Requirement: Take the entries below and print only the lines from the one with "MAG LARGE PVC" through the one with "Read Dreaming Freedom EN Manga Online", exactly as they stand, both ends included.

Records provided START

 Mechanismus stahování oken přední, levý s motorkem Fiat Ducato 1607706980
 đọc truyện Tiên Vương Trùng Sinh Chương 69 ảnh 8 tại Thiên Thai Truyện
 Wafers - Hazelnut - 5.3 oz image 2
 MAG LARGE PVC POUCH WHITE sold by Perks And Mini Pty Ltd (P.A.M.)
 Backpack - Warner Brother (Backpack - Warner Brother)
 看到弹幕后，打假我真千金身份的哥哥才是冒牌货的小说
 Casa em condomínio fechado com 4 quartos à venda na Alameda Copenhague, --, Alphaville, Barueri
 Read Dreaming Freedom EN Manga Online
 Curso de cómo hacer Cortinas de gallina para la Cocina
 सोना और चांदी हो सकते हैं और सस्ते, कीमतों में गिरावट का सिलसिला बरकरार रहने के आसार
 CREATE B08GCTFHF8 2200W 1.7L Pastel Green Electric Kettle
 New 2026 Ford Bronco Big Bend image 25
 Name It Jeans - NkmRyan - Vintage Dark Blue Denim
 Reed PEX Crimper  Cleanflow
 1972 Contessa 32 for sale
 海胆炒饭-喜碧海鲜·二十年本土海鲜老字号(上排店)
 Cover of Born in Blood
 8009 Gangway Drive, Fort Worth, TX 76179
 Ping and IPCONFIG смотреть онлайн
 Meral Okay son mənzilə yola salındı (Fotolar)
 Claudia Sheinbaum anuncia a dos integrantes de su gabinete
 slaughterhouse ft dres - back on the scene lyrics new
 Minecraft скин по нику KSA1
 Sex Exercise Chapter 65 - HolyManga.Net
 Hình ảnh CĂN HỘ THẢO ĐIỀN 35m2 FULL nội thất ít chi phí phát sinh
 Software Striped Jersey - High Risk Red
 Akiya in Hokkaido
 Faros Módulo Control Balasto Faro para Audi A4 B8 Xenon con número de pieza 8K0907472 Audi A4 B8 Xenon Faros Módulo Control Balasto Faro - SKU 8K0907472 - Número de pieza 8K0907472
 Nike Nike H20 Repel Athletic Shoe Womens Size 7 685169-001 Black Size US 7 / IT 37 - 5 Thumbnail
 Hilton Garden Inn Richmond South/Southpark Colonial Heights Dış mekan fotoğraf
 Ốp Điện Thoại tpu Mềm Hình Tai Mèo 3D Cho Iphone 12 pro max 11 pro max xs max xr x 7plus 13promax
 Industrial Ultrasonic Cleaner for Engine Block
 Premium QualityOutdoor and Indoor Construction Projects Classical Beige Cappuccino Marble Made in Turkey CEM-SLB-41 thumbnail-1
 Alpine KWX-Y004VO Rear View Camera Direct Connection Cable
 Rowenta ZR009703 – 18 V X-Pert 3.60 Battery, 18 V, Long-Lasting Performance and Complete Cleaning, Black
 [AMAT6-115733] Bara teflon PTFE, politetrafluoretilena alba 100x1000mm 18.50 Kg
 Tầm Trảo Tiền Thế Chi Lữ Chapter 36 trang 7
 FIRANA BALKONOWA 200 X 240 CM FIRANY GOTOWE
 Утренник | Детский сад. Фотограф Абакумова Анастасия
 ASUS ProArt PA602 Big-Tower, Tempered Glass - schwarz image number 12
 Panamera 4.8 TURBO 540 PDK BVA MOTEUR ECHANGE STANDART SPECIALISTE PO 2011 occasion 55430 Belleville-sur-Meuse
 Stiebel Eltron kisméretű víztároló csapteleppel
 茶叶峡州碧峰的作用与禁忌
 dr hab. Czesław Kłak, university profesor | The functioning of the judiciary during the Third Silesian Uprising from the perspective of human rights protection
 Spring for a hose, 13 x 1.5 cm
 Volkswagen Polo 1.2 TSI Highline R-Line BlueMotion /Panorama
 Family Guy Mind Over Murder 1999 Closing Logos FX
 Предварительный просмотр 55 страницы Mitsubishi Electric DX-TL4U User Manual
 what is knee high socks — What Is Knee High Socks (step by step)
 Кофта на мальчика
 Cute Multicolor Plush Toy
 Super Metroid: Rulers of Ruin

Records provided END

Result of this task:
 MAG LARGE PVC POUCH WHITE sold by Perks And Mini Pty Ltd (P.A.M.)
 Backpack - Warner Brother (Backpack - Warner Brother)
 看到弹幕后，打假我真千金身份的哥哥才是冒牌货的小说
 Casa em condomínio fechado com 4 quartos à venda na Alameda Copenhague, --, Alphaville, Barueri
 Read Dreaming Freedom EN Manga Online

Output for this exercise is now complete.